#Critique Ryuko (T.1)
L’éditeur Le Lézard Noir possède un catalogue aussi pointu qu’exigeant. Spécialisé dans le manga d’auteur, il s’efforce de proposer des titres de qualité, alignant de prestigieux noms tels que le maître de l’horreur Kazuo Umezu, Suehiro Maruo ou encore Minetarô Mochizuki. L’une des dernières acquisitions en date de la maison d’édition affirme de plus be, son envie et son ambition d’offrir aux lecteurs des titres d’excellence. Voici donc que débarque le saisissant Ryuko de Eldo Yoshimizu, un récit noir se déroulant dans le milieu mafieux et mettant en scène une héroïne badass. Le tout est magnifié par un dessin de très haute volée dans une édition somptueuse, bref un vrai petit bijou. Indispensable !

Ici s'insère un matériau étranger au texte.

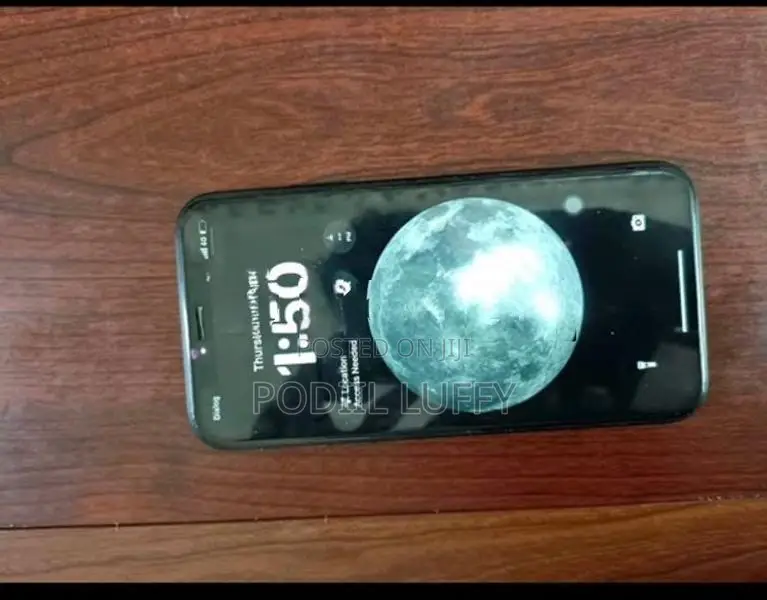 Apple iPhone XR (Used)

Dans une esthétique très 70’s, Eldo Yoshimizu, sculpteur de formation, nous balance un récit sans temps mort doublé d’une incroyable décharge graphique. Ryuko est une jeune femme à la tête d’une organisation de yakuzas, qu’elle tient d’une main de fer. Cela ne l’empêche pas de prendre sous son aile, une jeune orpheline nommée Barrel pour lui éviter une mort certaine. Lorsqu’elle apprend la vérité sur son passé, comment son père s’est sacrifié pour elle et surtout que sa mère est toujours vivante, Ryuko part à sa recherche, bien décidée à se venger. C’est à partir de ce pitch assez basique que l’auteur, fan de Jean-Paul Belmondo, Alain Delon ou encore Steve McQueen, va dérouler un récit aux accents très cinématographiques, que ne renierai certainement pas Quentin Tarantino. En effet, la jeune femme est une héroïne comme les affectionne le réalisateur. Mystérieuse, charismatique et animée d’une détermination sans faille, elle rappelle aussi bien les figures tarantiniennes que les icônes du Gekiga, ce genre-phare des années 60-70. Elle est entourée de protagonistes tout aussi solides et intéressants, à commencer par Barrel, jeune orpheline ignorant tout de ses nobles origines et qui n’hésite pas à tenter de doubler celle qu’elle appelle désormais sa grande sœur. La gente masculine n’est pas en reste, avec Nikolaï, un ancien soldat russe ayant désobéi aux ordres de ses supérieurs durant une mission en Afghanistan. Chaque personnage porte avec lui un lourd fardeau et de nombreuses cicatrices, ce qui les rend non seulement unique mais surtout profondément humains.
L’édition proposée par Le Lézard Noir rend parfaitement justice au titre de Yoshimizu. Avec son grand format, sa couverture cartonnée et sa qualité d’impression, elle nous permet de nous plonger avec délectation dans l’univers de son auteur. D’ailleurs, il n’en fallait pas moins pour apprécier le travail graphique du mangaka. À chaque page, son trait vit, il vibre, lacérant le papier pour nous délivrer des shots d’adrénaline hallucinants. La composition des planches oscille entre minimalisme et surcharge, renvoyant une nouvelle fois à une esthétique old-school. Notre œil se balade, tente de décrypter un enchevêtrement de formes, s’arrête sur un détail avant de repartir. Au détour d’une page, le dessin s’excite, le trait s’épaissit, nous renvoyant à la calligraphie et le style de l’auteur nous éclabousse de toute sa maestria pour s’imprimer durablement dans notre rétine. Et que dire de la couverture de ce premier tome, si ce n’est qu’elle est sublime. On y voit Ryuko, habillée d’une tunique léopard, enfourchant sa grosse moto, tandis que sa longue chevelure s’estompe dans un dégradé de rouge orangé. Cette couverture dit tout et annonce la couleur, tandis que le quatrième de couverture préfère résumer le récit avec des dessins plutôt qu’avec des mots. Entre l’héroïne dévoilant un magnifique tatouage de dragon sur la cuisse et tenant un flingue dans chaque main et un wagon de train transporté par un gigantesque hélicoptère bi-rotor, lui aussi flanqué d’un dragon sur son fuselage, le mangaka compte sur la force des images, bien plus évocatrices. Cette couverture, tout comme le contenu de ce premier tome semble cristalliser les fantasmes cinématographiques de son auteur, pour le plus grand plaisir des lecteurs, complètement happés par cette histoire autour de la vengeance mais pas que… Bref, une claque comme le manga ne nous en avait pas mis depuis longtemps. Putain, c’est bon !!!